Dougherty Was Fined $50,000 by FINRA

WASHINGTON – Dougherty & Co. was hit with the largest Financial Industry Regulatory Authority fine of its kind in recent years after the firm agreed to pay $50,000 for serving as an underwriter for 54 issuers with which it had ongoing "blanket" financial advisory agreements.

The Minneapolis-based firm agreed to settle one of the largest violations of Municipal Securities Rulemaking Board Rule G-23 on the activities of financial advisors without admitting or denying FINRA's findings. Representatives for Dougherty could not be reached for comment.

"This was the largest fine of the last few years in regard to G-23 and the largest action in terms of scope of its kind," a FINRA spokesperson said.

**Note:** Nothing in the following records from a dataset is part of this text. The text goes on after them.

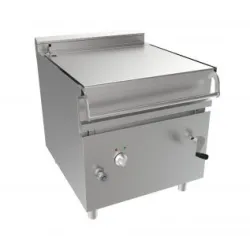 Electric deep fryer CASTA LQ/BREI80M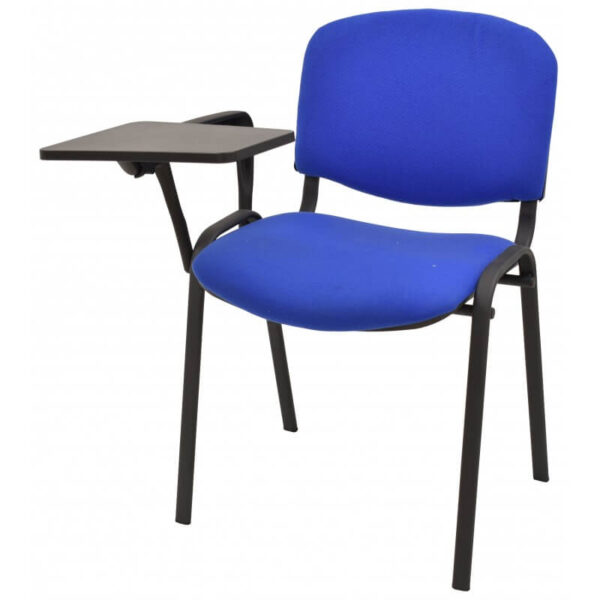 Silla confidente con pala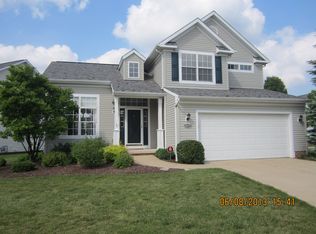 10257 Wildflower Way, Broadview Heights, OH 44147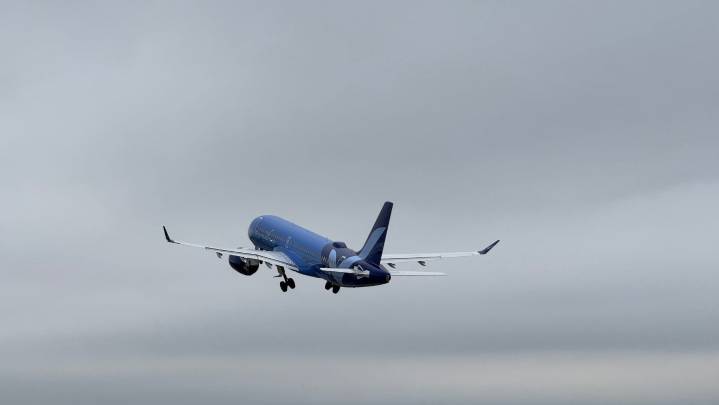 Breeze Airways starts 3 nonstop flights to Florida this week
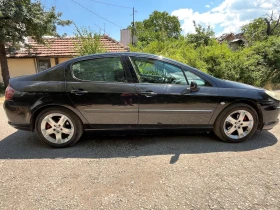 Обява за продажба на Peugeot 407 2.0  ~6 400 лв. - изображение 1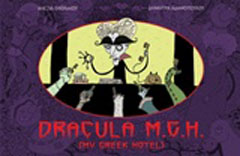 Dracula M.G.H.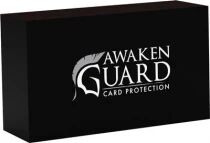 Pack de Protège-Cartes STALKER : Le Jeu de Plateau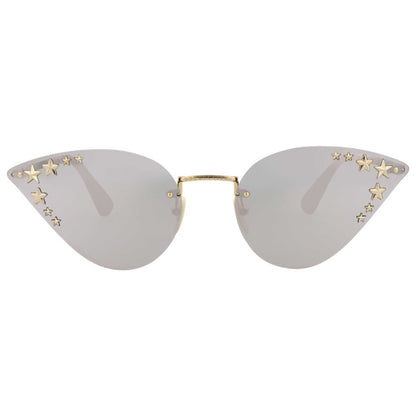 Gucci Special Edition Women's Sunglasses GG0898S-30010504002 - Image #5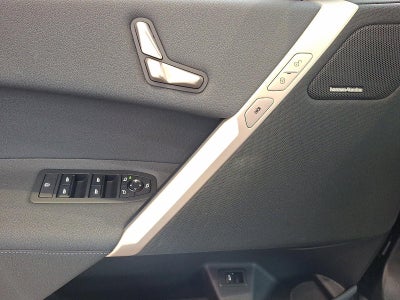 2025 BMW iX Sports Activity Vehicle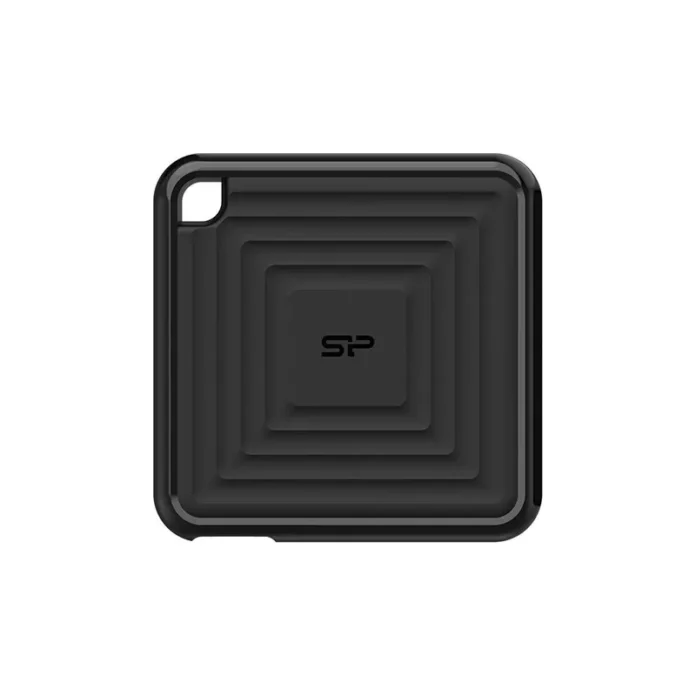 SSD Extern Silicon Power PC60 1TB USB 3.2 SSD Extern Silicon Power PC60 1TB USB 3.2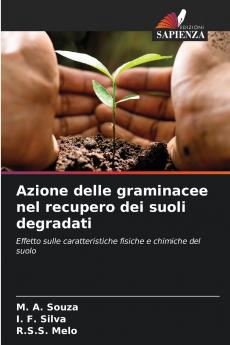 Azione delle graminacee nel recupero dei suoli degradati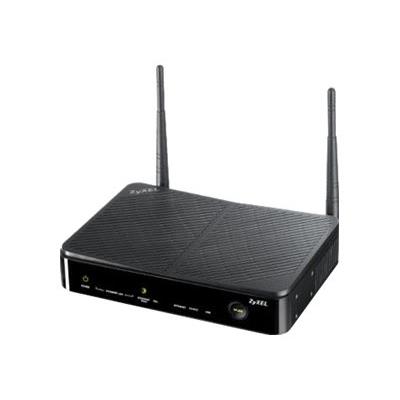 ZyXEL SBG3300-N - draadloze router - DSL-modem - 802.11b/g/n - desktop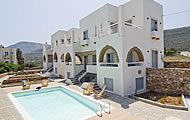 Astarte Villas, Diakofti, Kythira, Ionian, Greek Islands, Greece Hotel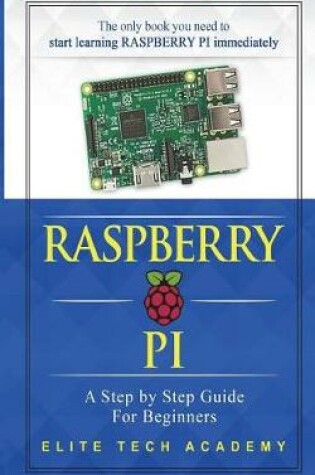 Cover of Raspberry PI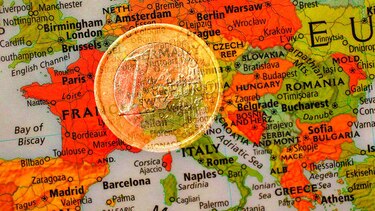 Inflación, factor clave en la política del BCE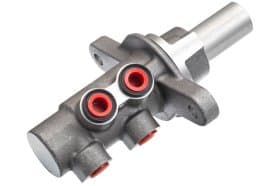 Головний гальмівний циліндр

The spokesperson added the self-regulator has brought a number of actions related to G-23 violations in the past.

However, several  market participants said they thought the fine was way too low given the large scope of the violations.

Rule G-23 is designed to avoid the conflict of interest that would exist if a muni securities professional were to act as both a municipal advisor and underwriter on the same issue, according to the MSRB. An MA has a fiduciary duty to the issuer. However, an underwriter's primary role is to purchase or arrange for the placement of securities in an arms-length transaction with the issuer and underwriter.

According to Rule G-23, a dealer that has a municipal advisory relationship with an issuer is prohibited from acquiring any portion of an issue from that client either directly or indirectly. A dealer has a municipal or financial advisory relationship with an issuer when the firm enters into an agreement with the issuer to provide financial advisory services with respect to the issuance of municipal securities, according to the rule. The relationship includes advice with respect to structure, timing, and terms of the bond issue.

FINRA, which also censured the firm, found that Dougherty's violations occurred between Nov. 27, 2011 and Jan. 3, 2014. The firm's advisory agreements did not contain limitations on the time they would be in effect or the specific issuances they would cover. Instead, they listed Dougherty's financial advisory obligations as encompassing all "projects that require the issuance of obligations," FINRA said.

Dougherty's responsibilities included recommending the type or types of bonds to be utilized, assisting in determining the amount of financing required and recommending financing or refinancing programs to fit the issuers' resources and requirements. The terms of the agreements said the firm would receive a fee for each bond issue on which it provided advisory services, according to FINRA.

The self-regulator found that the firm was only compensated as an underwriter for the issuances it carried out with the 54 issuers during the review period.

The Securities and Exchange Commission recently brought a somewhat similar, first-of-its-kind fiduciary duty case against Central States Capital Markets, a Kansas-based municipal advisory firm, and three of the firm's employees. The commission found that the firm and its employees breached their fiduciary duty to their client after serving as financial advisor for the unidentified issuer in a muni transaction and selecting a broker-dealer where the employees also worked, to underwrite the bonds.

The SEC found the firm and individuals violated Rule G-23 as well as MSRB Rule G-17 on fair dealing.